Life is adept at adapting to changes in the environment – and the environment is changing faster than ever, thanks to us. Evolution is normally thought of on the scale of millions of years, but a new study has observed how human activity has directly driven separate populations of geckos to evolve new attributes in the space of just 15 years.

The human activity in question began in 1996, with the building of the Serra da Mesa Hydroelectric Plant in Brazil. An artificial reservoir was created by flooding 656 sq mi (1,700 sq km), and in the process almost 300 new islands were now cut off from the "mainland."

Researchers from the University of Brasilia and the University of California, Davis studied the newly-separated populations of animals on these islands, focusing on the most common gecko species in the area, Gymnodactylus amarali. The team found that over 15 years, G. amarali on the islands had grown bigger heads on average than those of the same species found on the mainland.

Before the dam was built, the geckos in the area had lived mostly off termites, with larger lizard species eating the bigger bugs and leaving the smaller ones to G. amarali. But it turns out that flooding the valley had wiped out those larger lizards, and with less inter-species competition for food, G. amarali adapted to fill the niche they left behind. The geckos grew larger mouths and heads to help them chow down on the newfound bounty of bigger termites.

It's a great "Petri dish" example of natural selection at work. Essentially, those G. amarali with bigger heads had access to more food, leading to them being more successful at survival and reproduction. Over time, the big-head genes were passed down to later generations in higher numbers, until it became a common characteristic of the island-dwelling geckos. Those still on the mainland, meanwhile, still faced competition from the larger lizards and so saw no change in head size, making them a perfect control group.

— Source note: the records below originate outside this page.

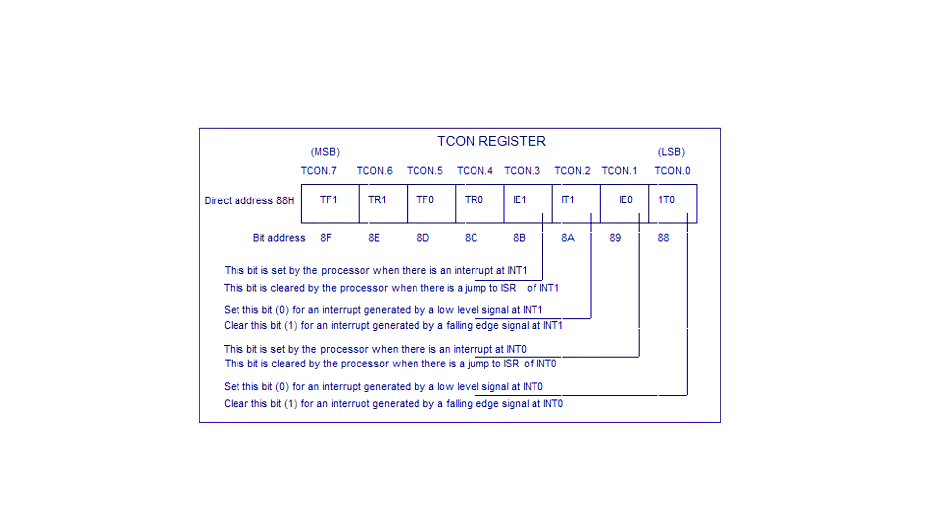The lower 4 bits of the TCON register holds the registers of interest: IT0, IE0, IE1, and IT1. IT0 and IT1 will tell the microcontroller if it will detect on low level or falling edge. The latter is set by hardware if an interrupt occurred and cleared when the interrupt is processed.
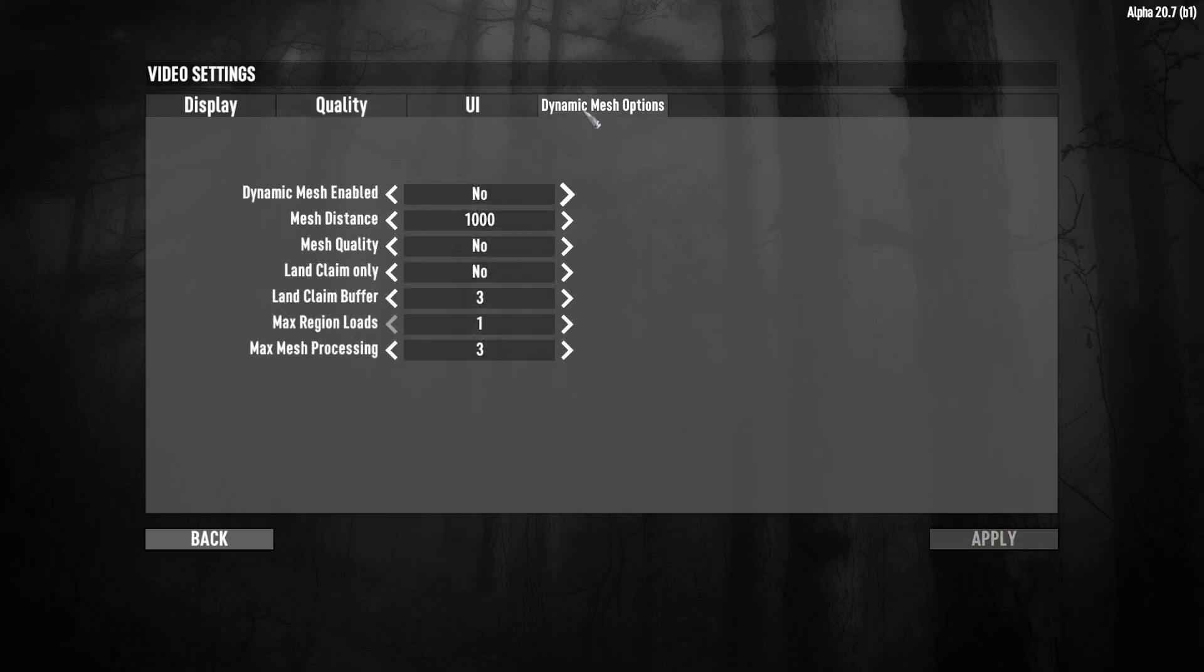The final step. Dynamic mesh options. Dynamic mesh enabled set at no. And after it just copy my settings.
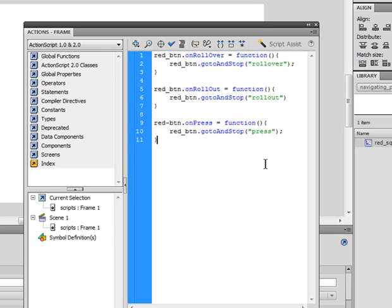Okay, so now we've basically got the rollover and press. Now we need to add some navigation with the big timeline.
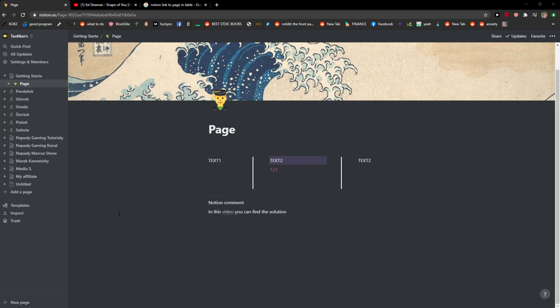Everybody, my name is Markus, and in this video I will show you a simple way how you can link to a local file in Notion. So let's start. The first thing you want to do is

While their heads grew, the lizards' bodies stayed more or less the same size. The researchers say this is most likely a matter of efficiency: bigger bodies require more energy to run, which would offset the advantage of a larger head. And as further evidence that a bigger head relative to body size was the most efficient evolutionary path, the researchers found that the trait independently became common among populations on five islands isolated from each other.

The story of G. amarali isn't necessarily a sad one, but it does highlight just how much influence human behavior has on the environment, both directly and indirectly.

The research was published in the journal PNAS.